The best advice I was given about preparing a birth plan was to throw the plan out the window once labour begins. You can’t predict what will happen and feeling stressed when things don’t go exactly how you’d expected is the last thing you need at that time. There are a few things worth contemplating and preparing for though. Here’s my quick list:
1. You may have strong feelings about pain management, surgery, and/or breastfeeding but things don’t always go according to plan. Hopefully they will but it doesn’t hurt to be prepared just in case. I’d suggest spending a bit of time thinking about how you might feel, and what you might need, if you weren’t planning on having an epidural but change your mind in the moment, weren’t planning on a cesarean but end up requiring one, were planning a cesarean but baby comes quickly, and/or were planning on breastfeeding but aren’t able to once baby comes (what pump will you need, which bottles do you plan to get, what formulas are available to you). Taking some time to plan for these events before going into labour can save you a ton of anxiety if things don’t go as you’d hoped.

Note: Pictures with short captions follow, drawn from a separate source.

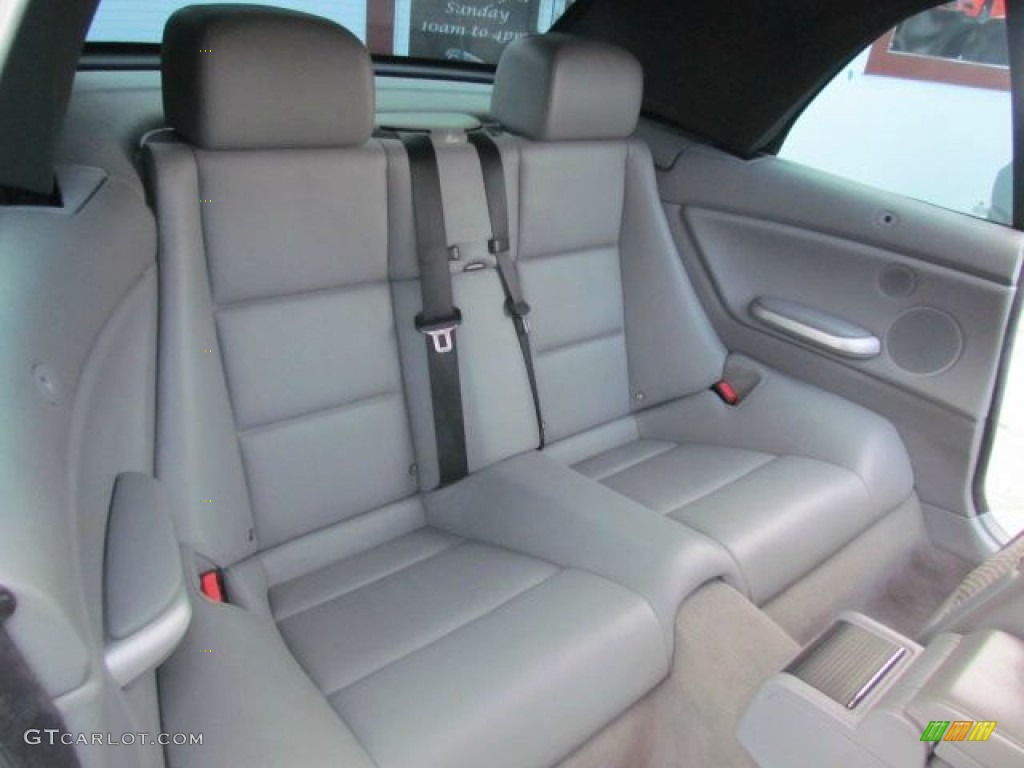 2005 BMW M3 Convertible Rear Seat Photo #78203614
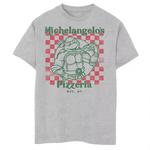 Футболка с рисунком «Черепашки-ниндзя» Mikeys Yummy Pizza для мальчиков 8–20 лет с рисунком Nickelodeon Nickelodeon - фото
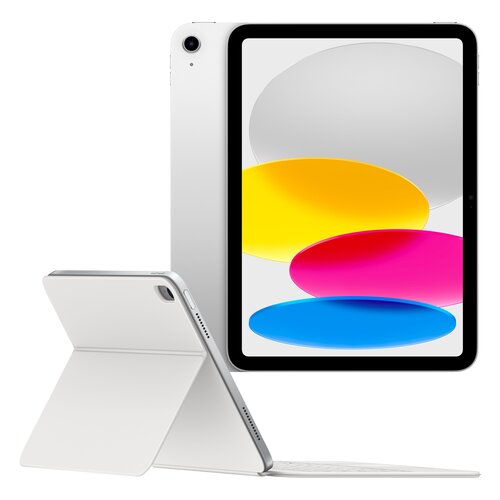 Tablet APPLE iPad 11" 11 gen. 128 GB Wi-Fi Srebrny + Etui na iPad APPLE Magic Keyboard Folio Biały Klawiatura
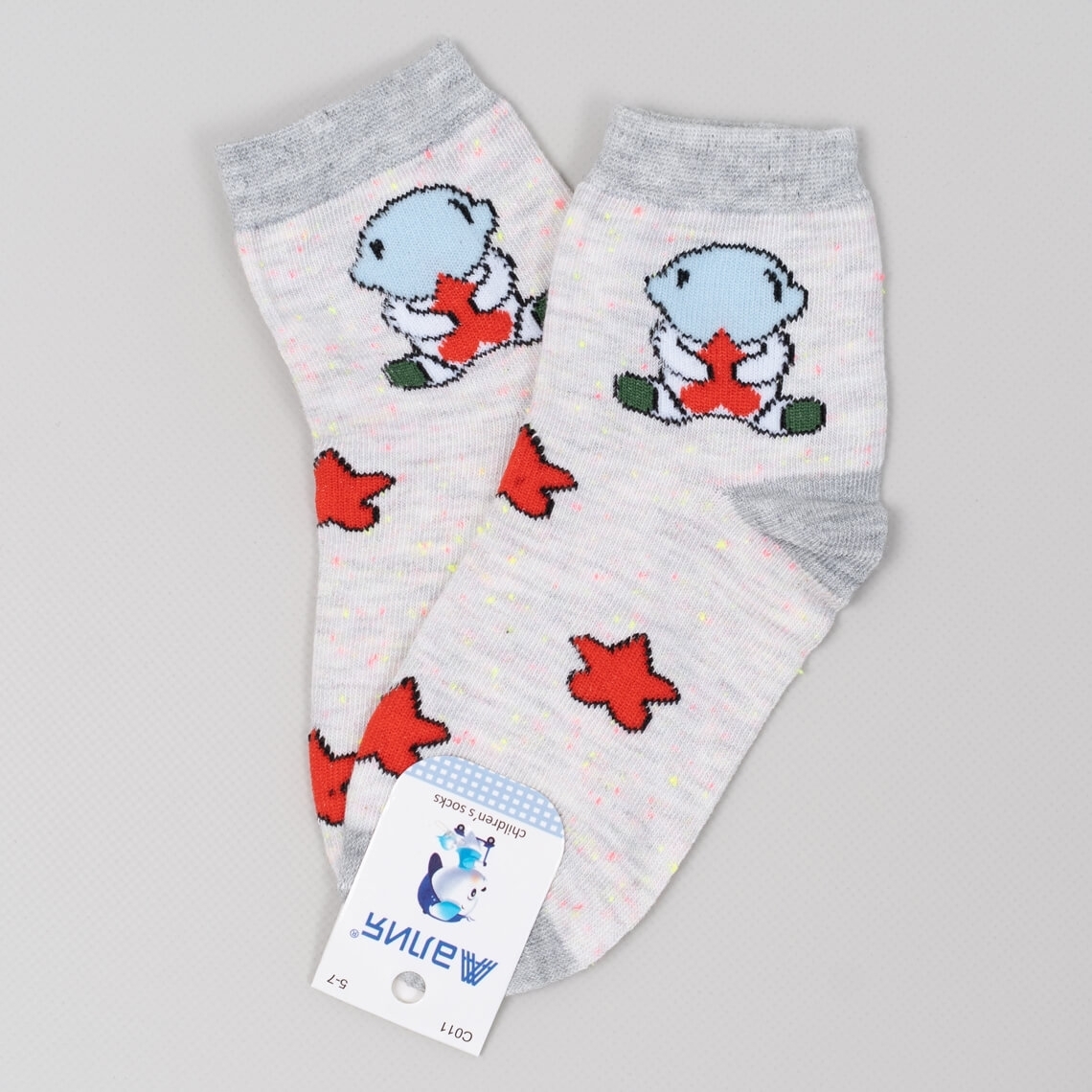 Шкарпетки для хлопчика світло-сірий бавовна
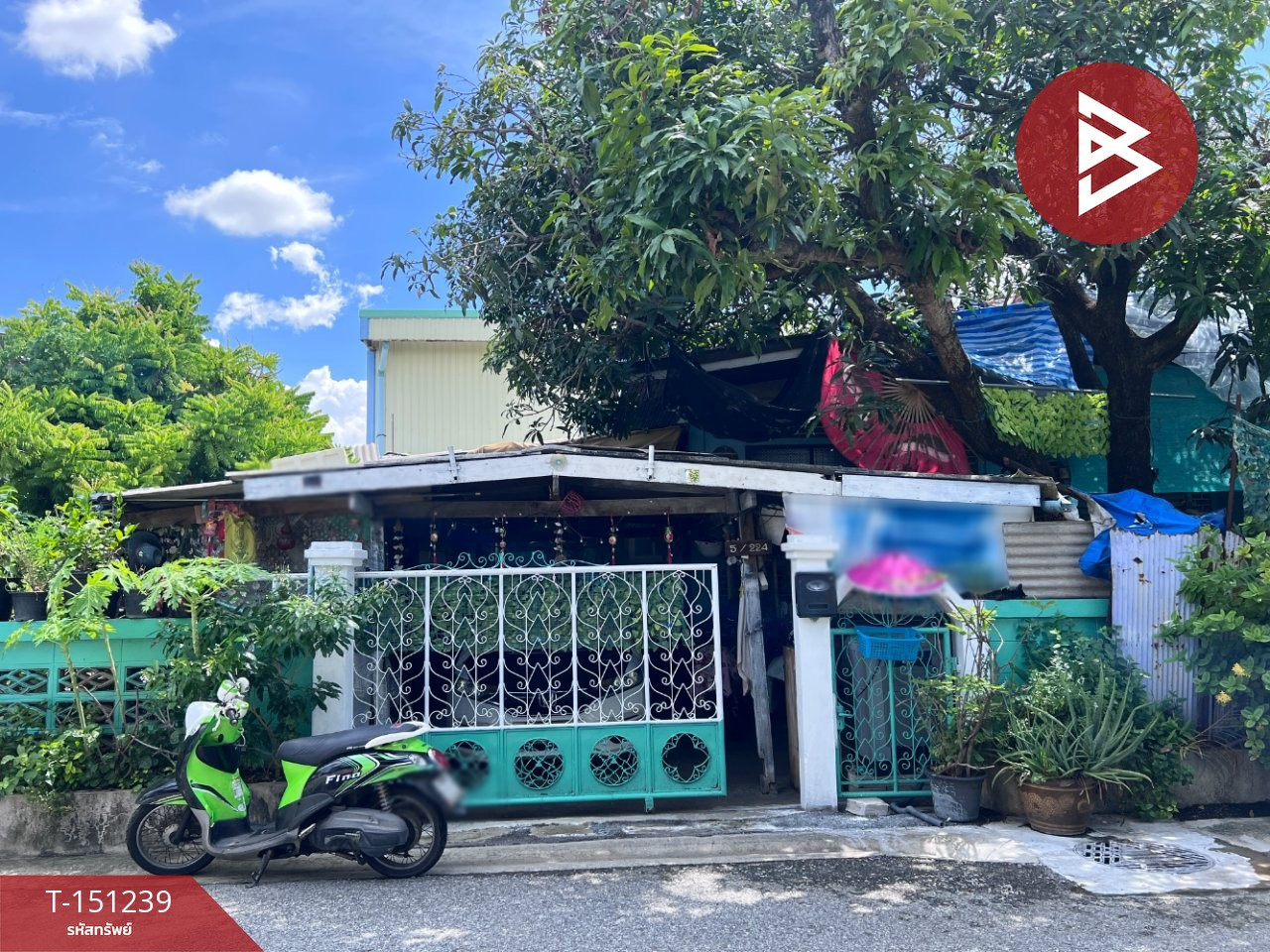 Single house for sale Soi Thepharak 66, area 60 sq m, Bang Mueang, Samut Prakan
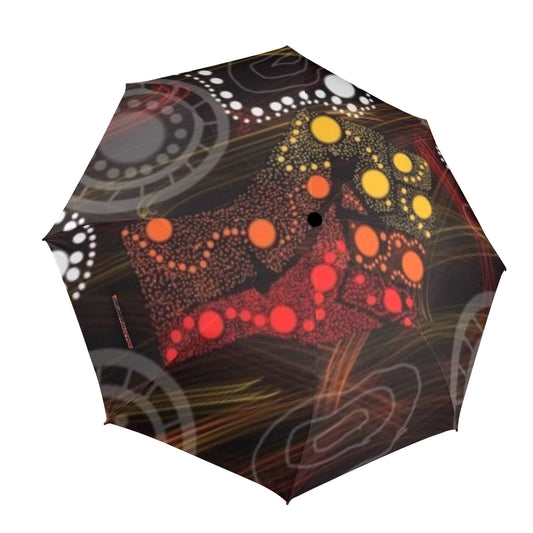 Lives Matter Umbrella Semi-Automatic Foldable Umbrella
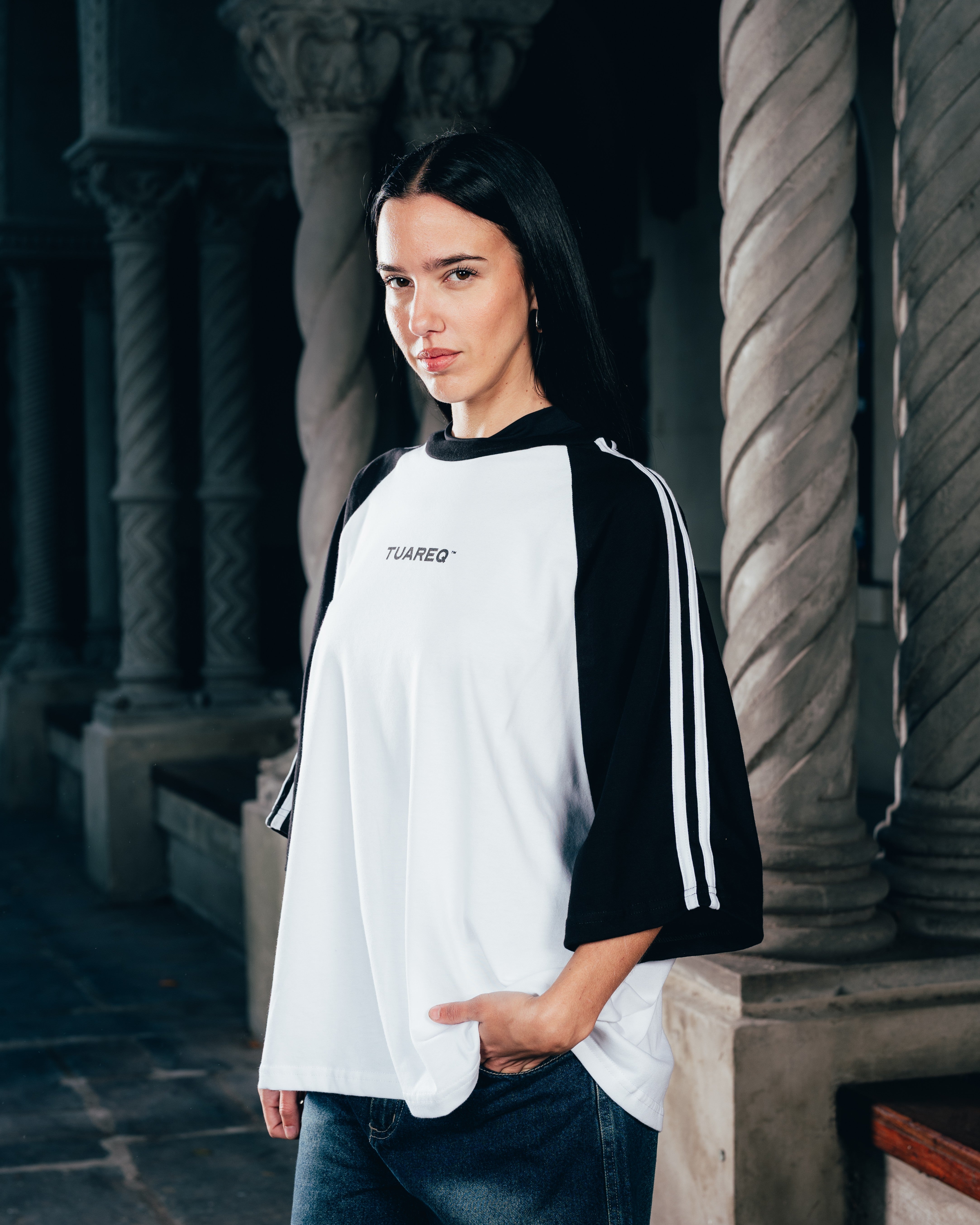 REMERA OVERSIZED [ WARRIOR ] RANGLAN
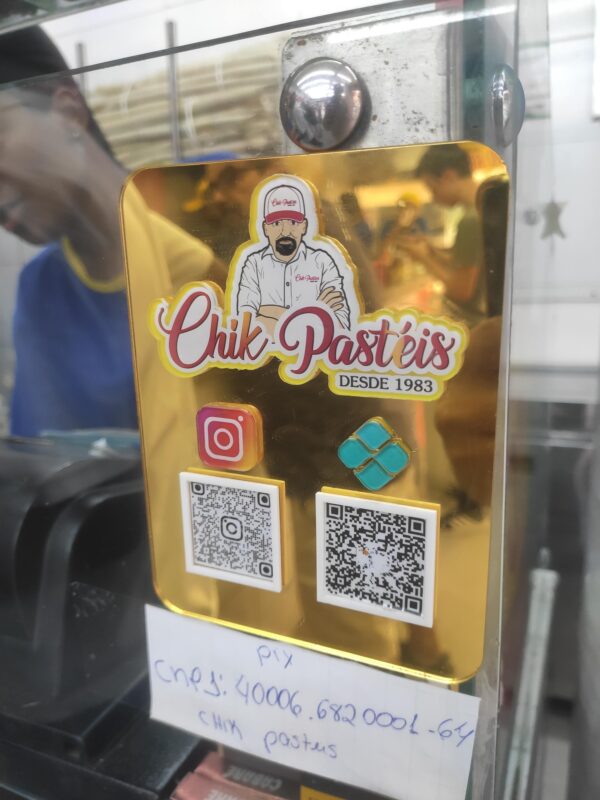 Placa PIX - GOOGLE - INSTAGRAM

2. After baby/babies arrive you will need support. Supermom is a wickedly unfair and unrealistic archetype. We are tribal creatures and need the support of our community. You will need people who will show up for you without being asked in those first weeks and months. Talk to your family and/or friends in advance about what you might need (people to bring food or come over and cook for you, people to help out with laundry and cleaning in those first few weeks, people to watch your little one/ones while you rest or take a bath, someone to do the grocery shopping, etc).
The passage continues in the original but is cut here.